Transparency and disclosure

I see lots of security problems with educational web sites and apps.

Sometimes problems like these get reported in the press.  For example in the past couple of years, Shutterfly, Schoology and Edmdodo have been in the press for not using SSL to protect user accounts and the information that they contain about kids.  Often, even if they are fixed, the companies don’t report that their users were exposed to security vulnerabilities.   This sort of thing is not as serious as an actual data breach, but parents and educators can’t make informed decisions without transparency and information about the security practices of the sites they are considering.  Many companies and sectors do make a practice of disclosing their security problems responsibly.  But this is not something I’ve seen in the ed-tech space.

Talking about things that are already fixed adds transparency and openness.  There are differing opinions about the best way to disclose security problems that have not yet been fixed.     This post by Troy Hunt lays out a good set of guidelines for when it makes sense to publicly disclose security problems.  He weighs the consequences to the site’s operators and users. It’s worth a read, and Troy’s blog, is a great resource for those who’d like to learn more about security.

Why we need standards: Part one of many

The other day, I heard that some classes at our school were considering using an online service to share updates and photos about what happens at school during the day.   I took a look at the site and the first thing I noticed was that the site was not using SSL at all.  In fact, the site’s developers seemed to have spent more effort on protecting against disclosing parents’ email addresses to each other than to protecting against unauthorized access by outsiders.

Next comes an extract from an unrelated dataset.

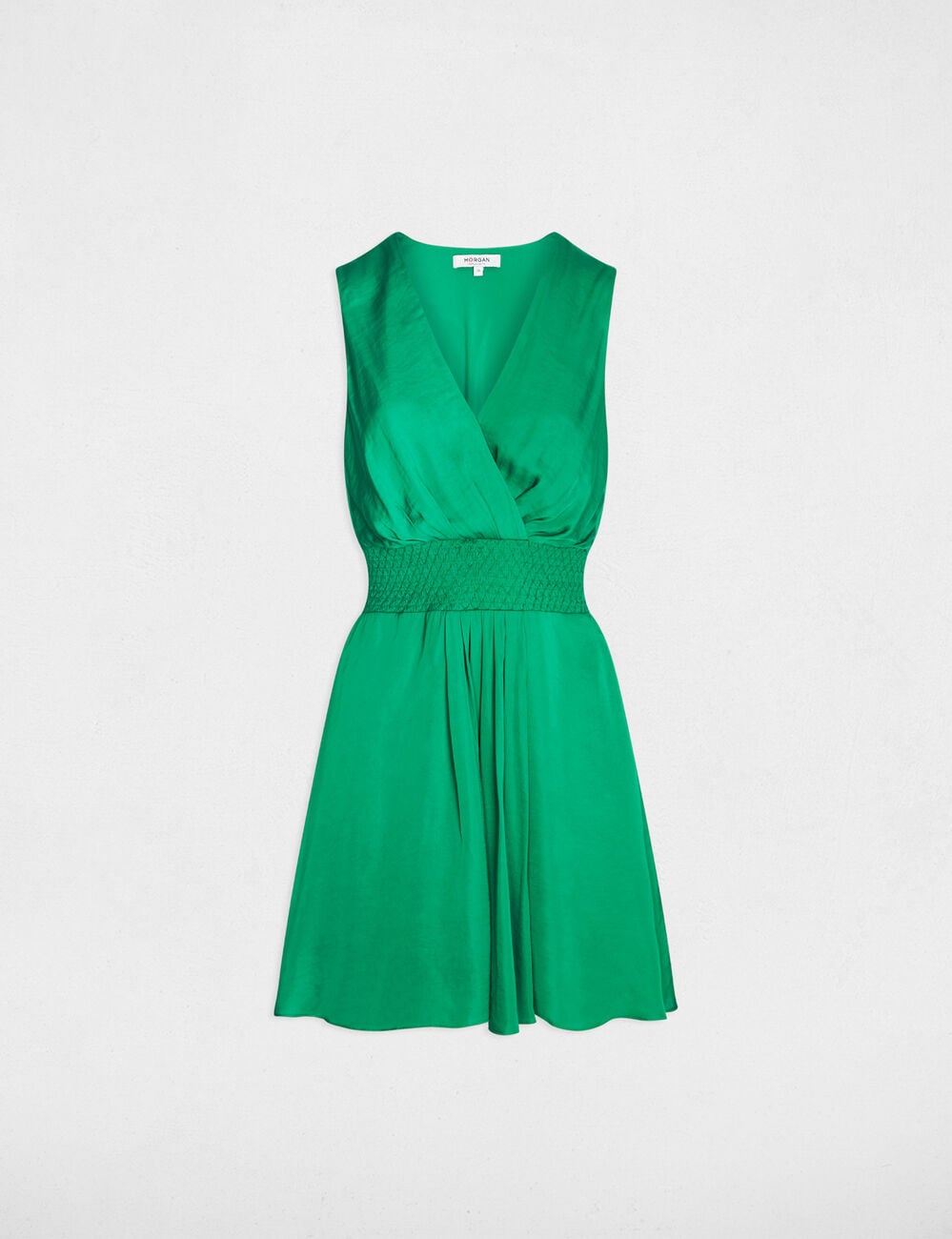 Robe courte cache coeur vert prairie femme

Uh oh.  This means that the site transmits usernames and passwords, links to photos, comments, and personal information unencrypted – visible to anyone who is able to see the network traffic.   This also means the site is vulnerable to session hijacking, where an attacker can take full control of a victim’s account.  More on that in an upcoming post.

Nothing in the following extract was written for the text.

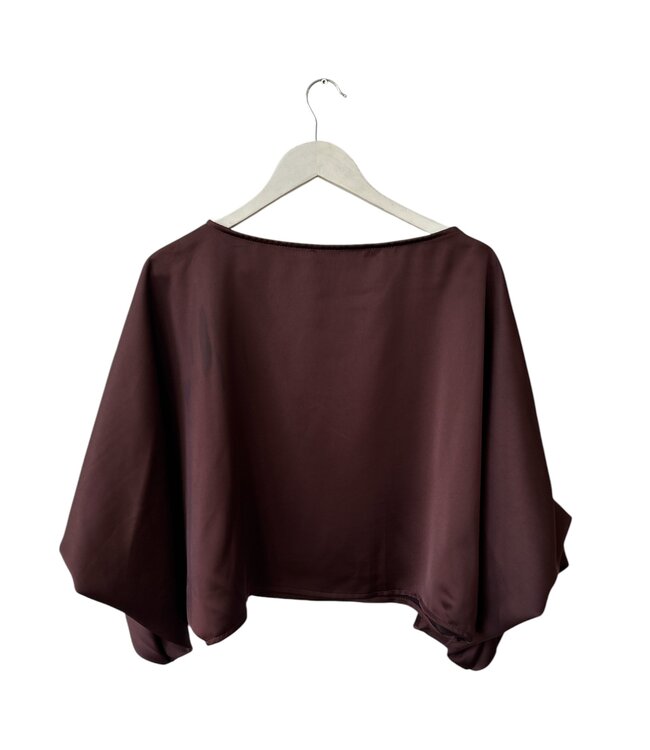 selectedbystijldepartment Blouse balloon satin, Aubergine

I sent a note to the company and got a quick (and a bit indignant) response from the CEO, saying that SSL was coming within days but had not been implemented yet because the site was not collecting any “highly sensitive” information such as credit cards or home addresses, and thus did not need SSL.

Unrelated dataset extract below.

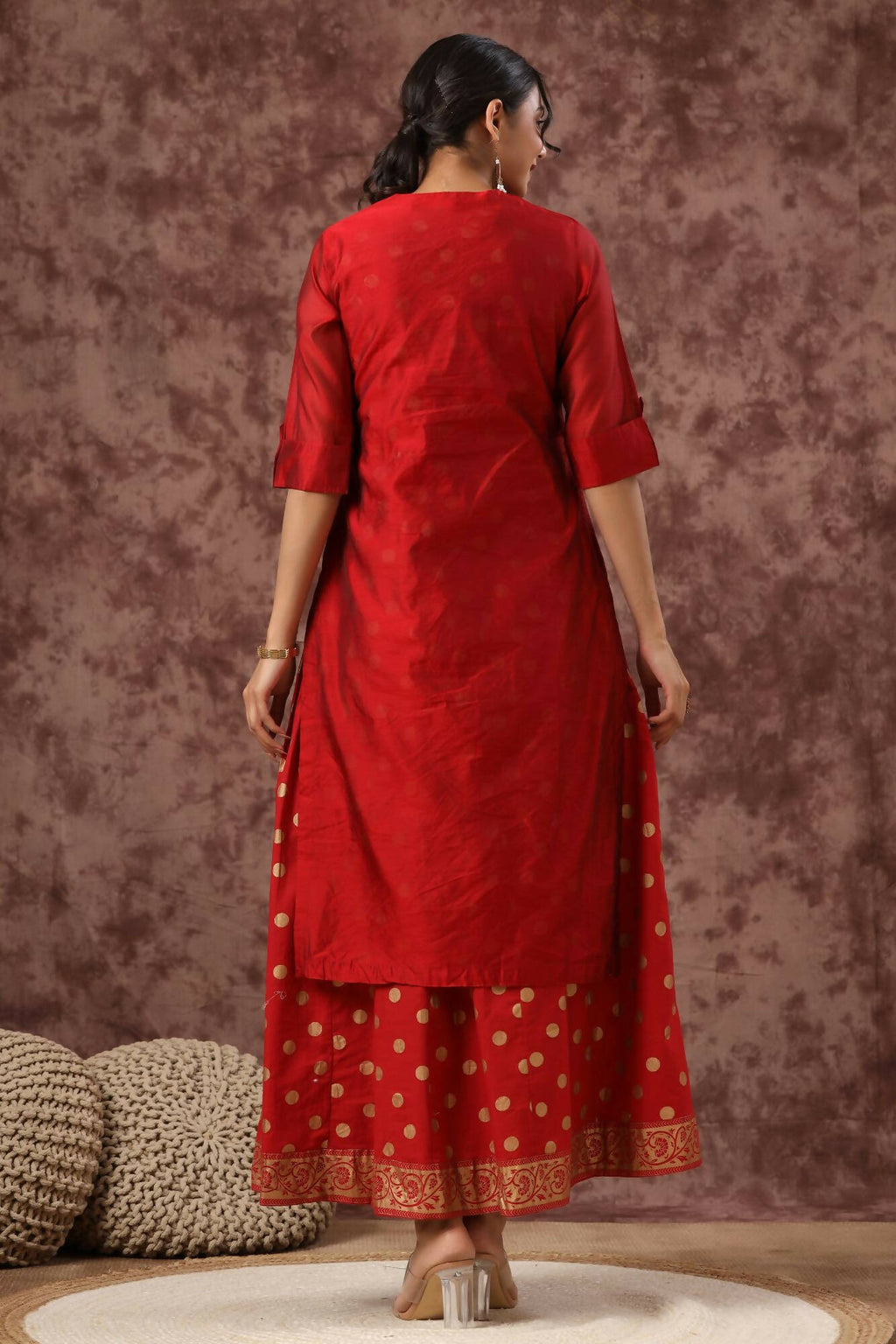 Juniper Women Maroon Chanderi Silk Embroidered & Printed Layered Dress - Distacart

Really?  The site collects students’ first and last names, parent emails, and allows photos to be uploaded and shared.  Though COPPA does not apply here, I view the list of COPPA-protected personal information as one good yardstick for what sorts of student information requires secure handling, and all of these are on that list.

However, there is no real standard for data security in educational technology.  Laws such as COPPA and California’s SOPIPA require “reasonable” security, but do not define what “reasonable security” is.   The edtech industry has not come forward with a meaningful standard.   Without a standard, edtech implementors don’t have a clear target to aim for and educators and parents don’t have visibility in to the security practices of the companies that collect their children’s information.

In upcoming posts I’ll share thoughts on what the standards might look like and examples of why it’s important to have them.

More reading:

OWASP  (Open Web Application Security Project) has lots of information about securing web applications.  Here’s a link to their Transport Layer Security cheat-sheet, which includes the following about using SSL/TLS for login and authenticated pages.

Rule – Use TLS for All Login Pages and All Authenticated Pages
The login page and all subsequent authenticated pages must be exclusively accessed over TLS. The initial login page, referred to as the “login landing page”, must be served over TLS. Failure to utilize TLS for the login landing page allows an attacker to modify the login form action, causing the user’s credentials to be posted to an arbitrary location. Failure to utilize TLS for authenticated pages after the login enables an attacker to view the unencrypted session ID and compromise the user’s authenticated session.